From a mechanistic point of view, when the rate constants of opening and closing of the KATP channels are small, KATP current variations last long enough to induce a change in the electrical properties of the membrane: when the cell is hyperpolarized, a random decrease in gKATP of sufficient duration leads to a cell membrane depolarization that triggers electrical activity and Ca2+ entry. Similarly, when the cell membrane is electrically active, a random increase in gKATP of sufficient duration leads to a decrease in V that brings the cell in a resting state. With the experimentally reported values of channel opening and closing rates, the random changes in gKATP are too fast to induce AP’s. When simulating a stepwise decrease in gKATP from 0.47 to 0.2 nS in the absence of noise, the change in gKATP must last at least 110 ms to induce electrical activity (not shown). This agrees with the numerical observation that if the fluctuation-driven changes of gKATP have a characteristic time of a few ms as measured experimentally (Enkvetchakul et al., 2001), they will not induce AP’s (Figures 2A–C).
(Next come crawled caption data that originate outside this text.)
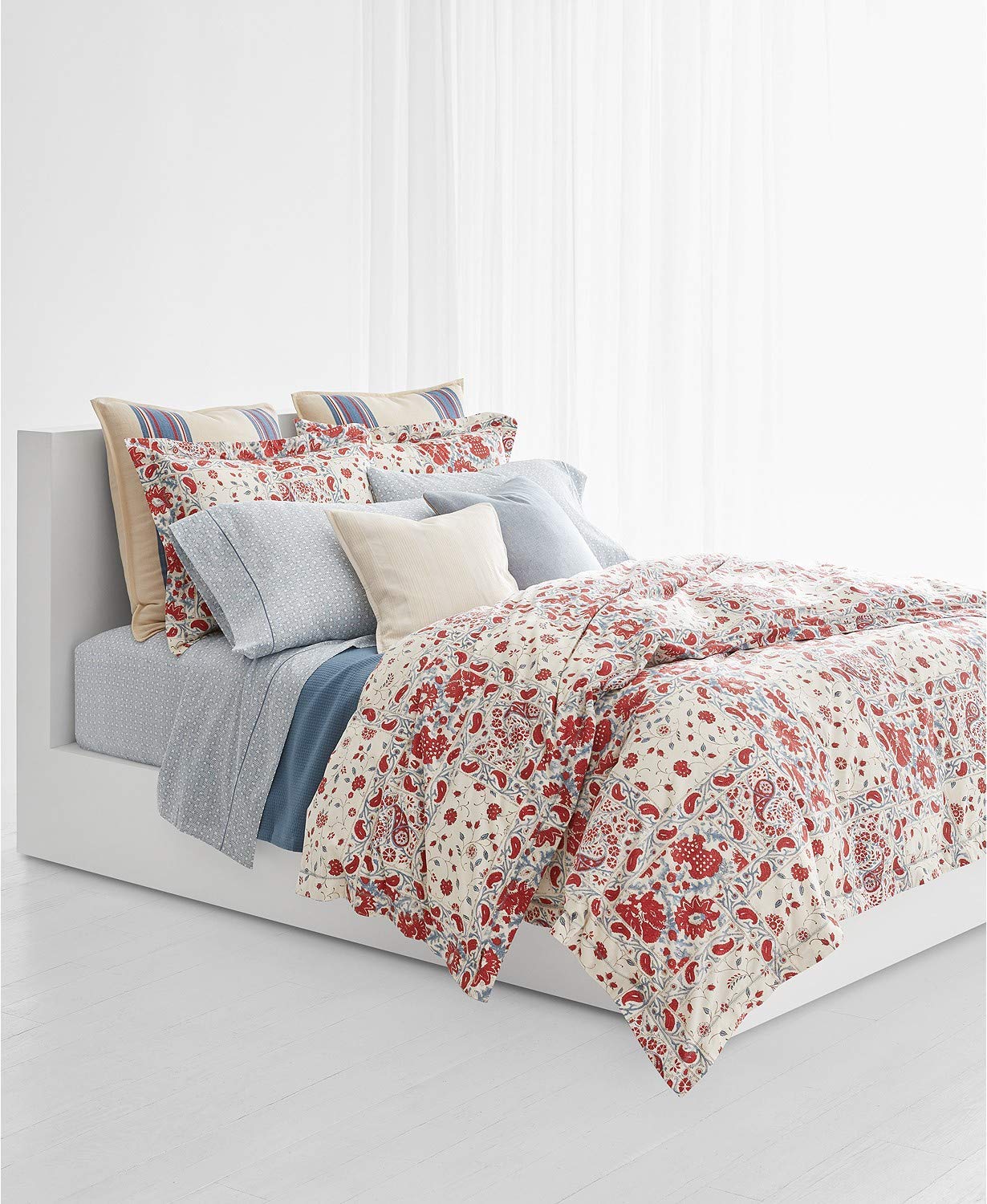 Best Ralph Lauren Bedding Duvet Set The Best Home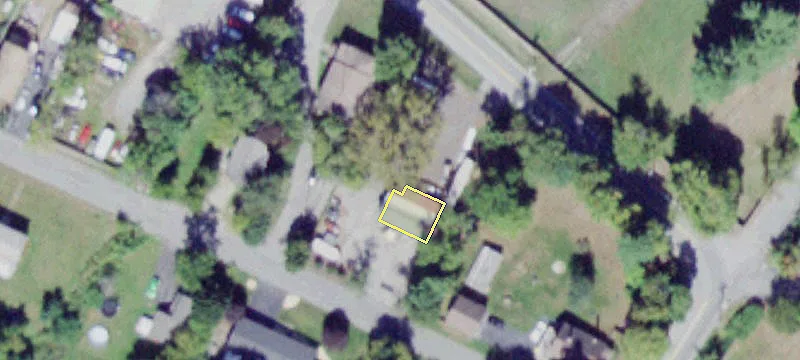 284 Wisner Ave 84th Hulse Ave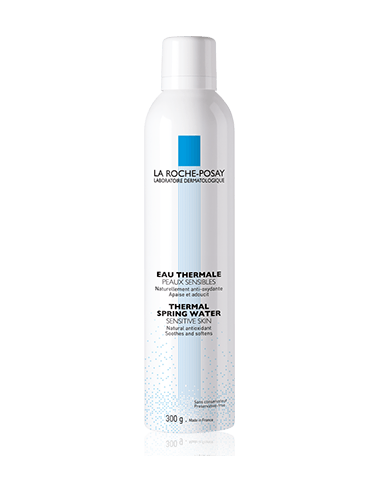 AGUA TERMAL ROCHE POSAY 300 ML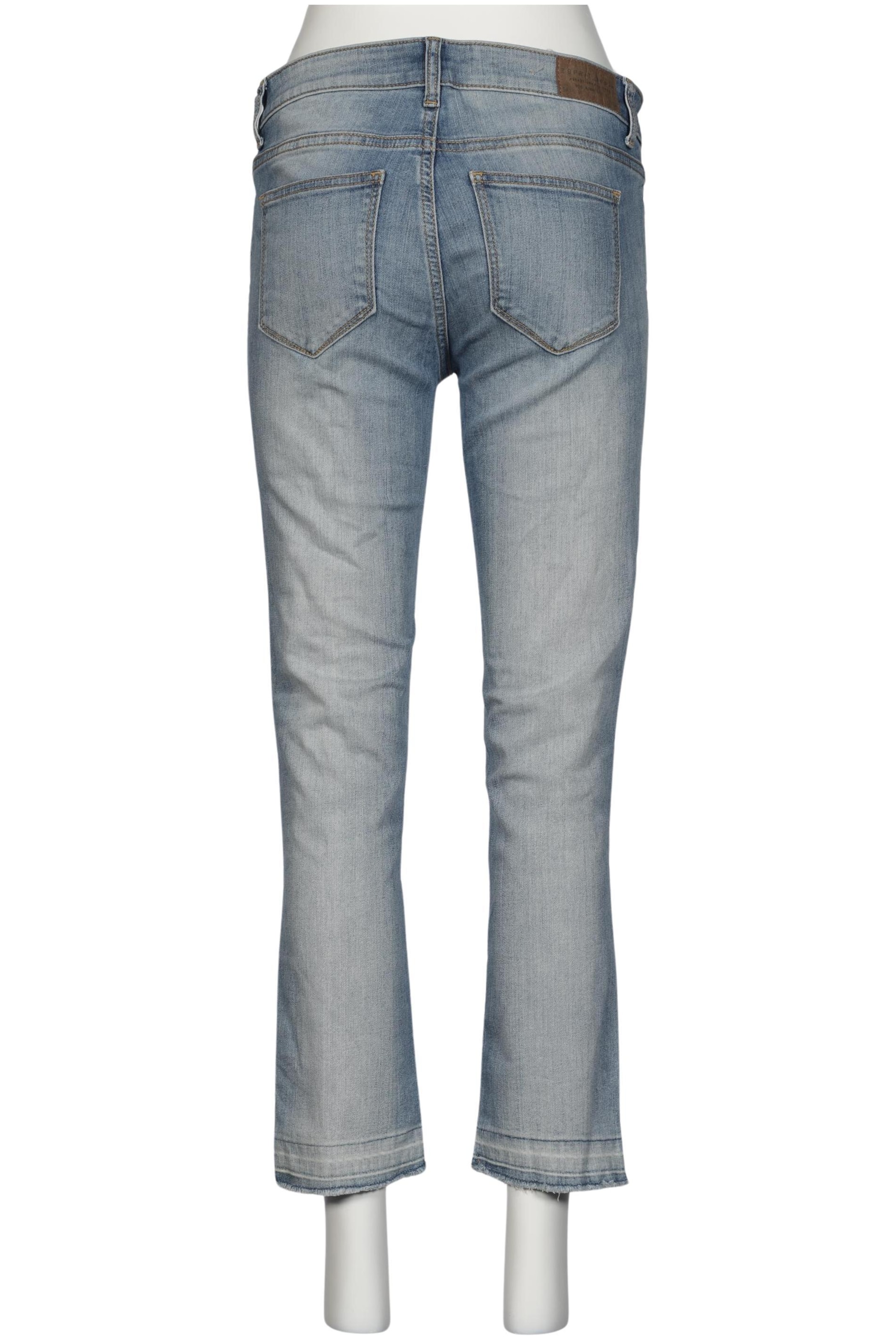 ESPRIT Jeans 28 in Blau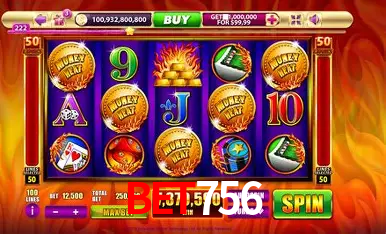 Desvendando o Mundo dos Jogos Virtuais na bet756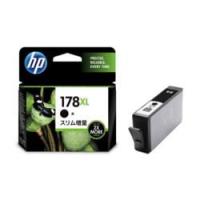 HP(ヒューレットパッカード) CN684HJ 純正 HP178XL インクカートリッジ ブラック 増量 | イーベスト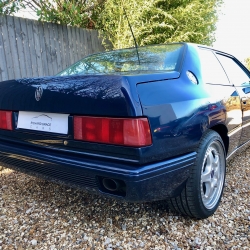 Maserati Ghibli Cup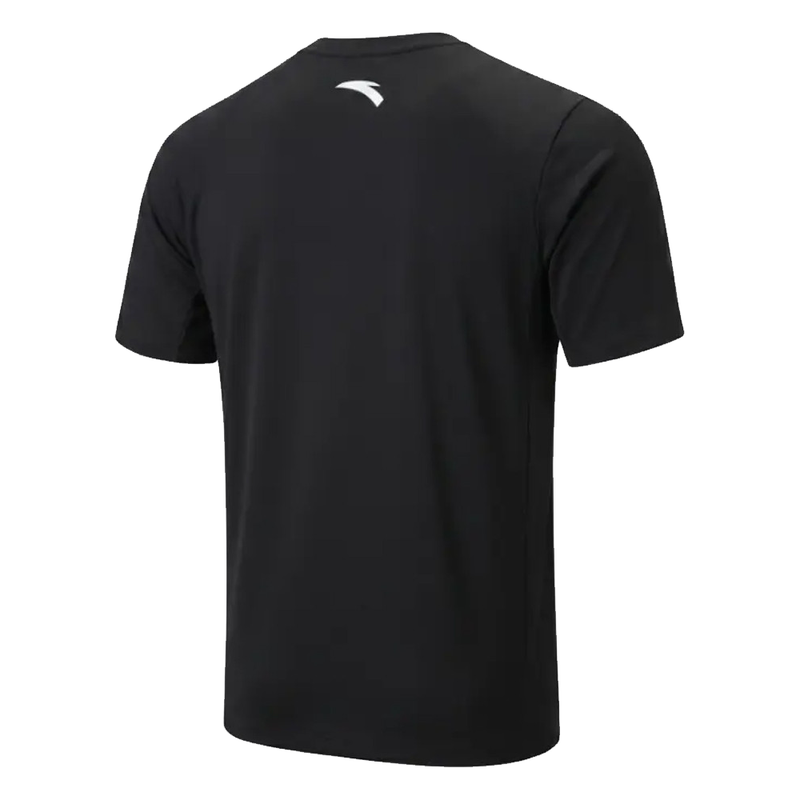 Anta Campus T-Shirt 'Black'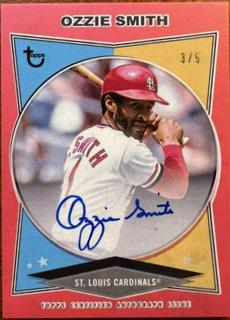 Ozzie Smith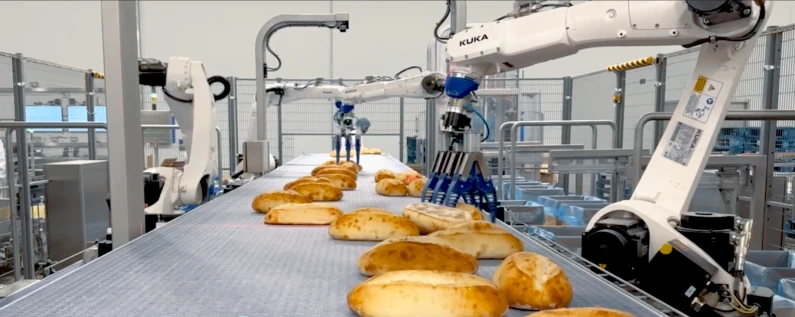 Artisan bread | Niverplast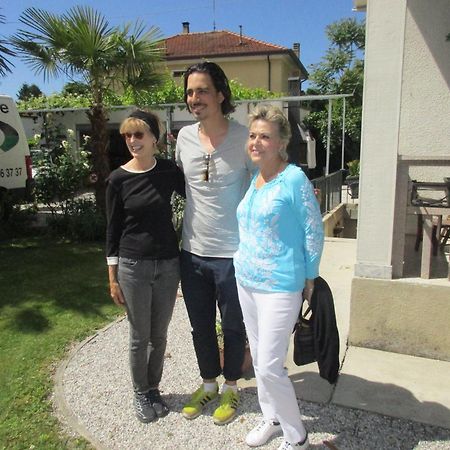 Casa Roman Italia, Center Sacile Cameră foto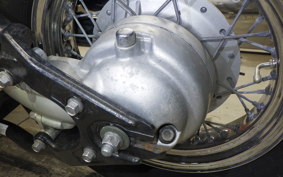 YAMAHA DRAGSTAR 400 CLASSIC 2003 VH01J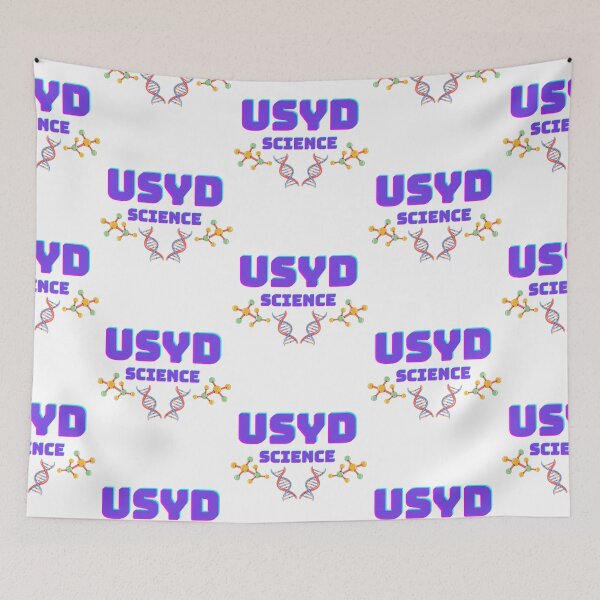 Item preview, University of Sydney USYD USYD Science USYD Students (Tenth Edition)   designed and sold by ColorsOfChloe.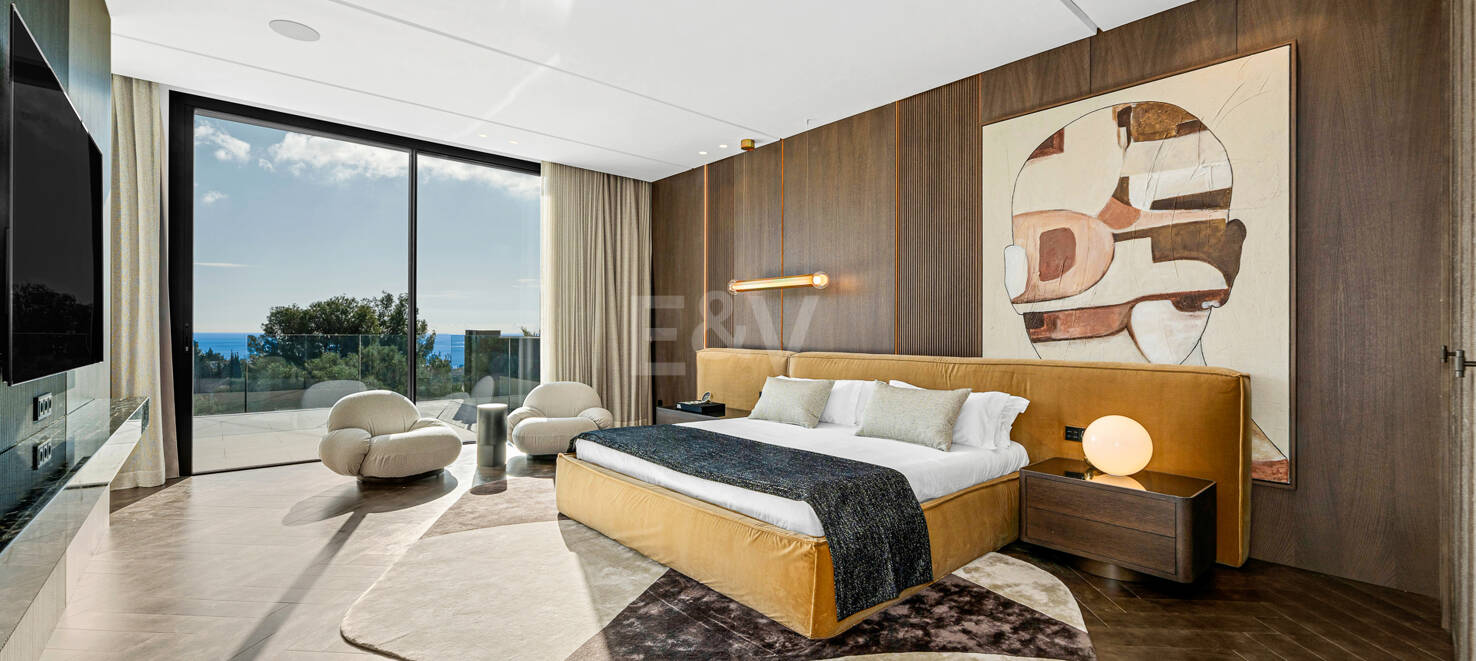 Villa Allure: The Definition of Luxury Living in the Best Location
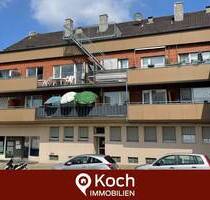 13-Familienhaus mit einer Gewerbeeinheit zu verkaufen! - Aldenhoven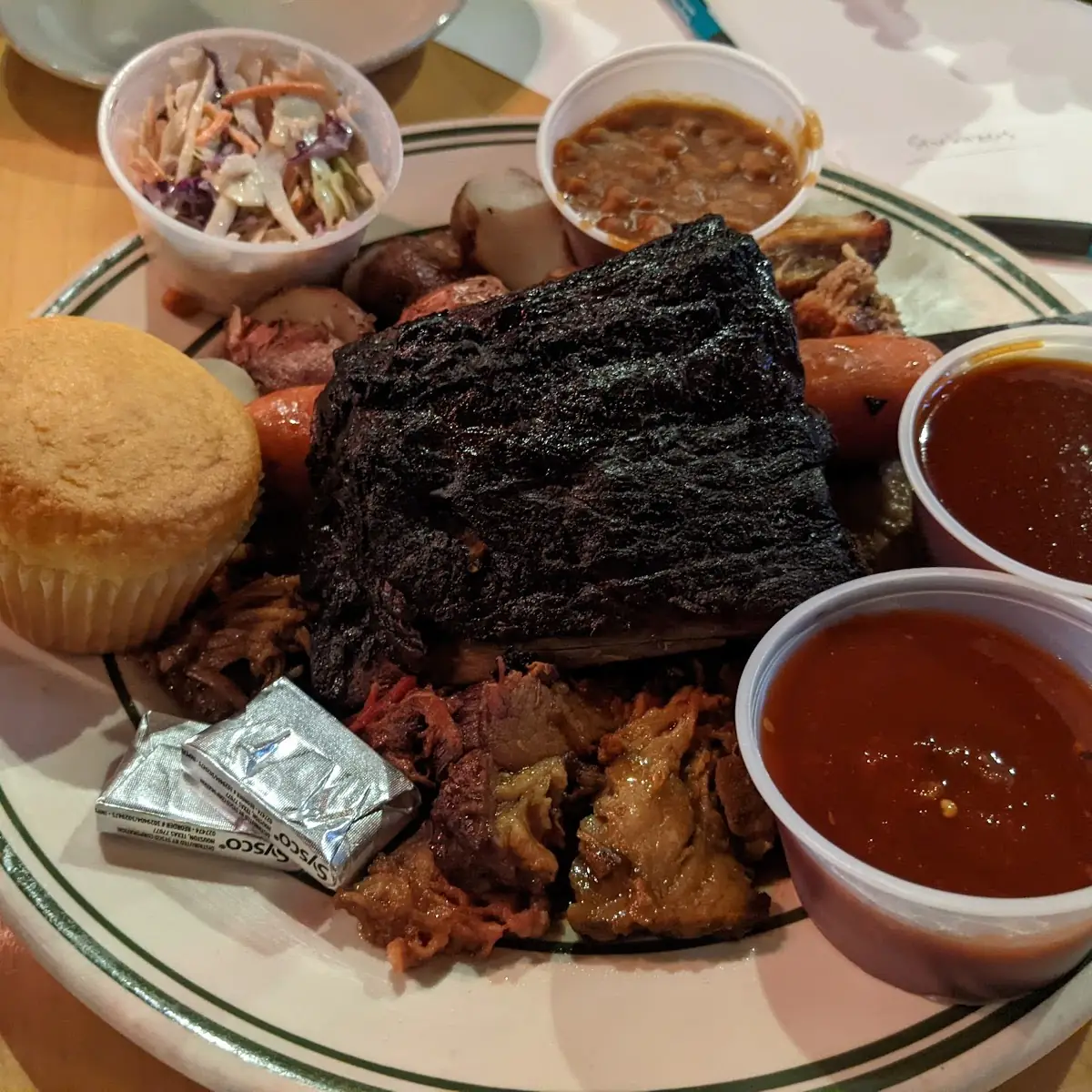 Pulled Pork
Thus, simulations predict that Ca2+ oscillations may in principle arise from noise-induced changes in the cell KATP current. However, the time scale of these changes must be much slower than that of the intrinsic dynamics of the voltage-gated ionic channels generating the AP’s. This does not correspond to the reported rates of opening and closing of the KATP channels and raises the possibility that some physiological process drives slow changes in the opening of the KATP channels.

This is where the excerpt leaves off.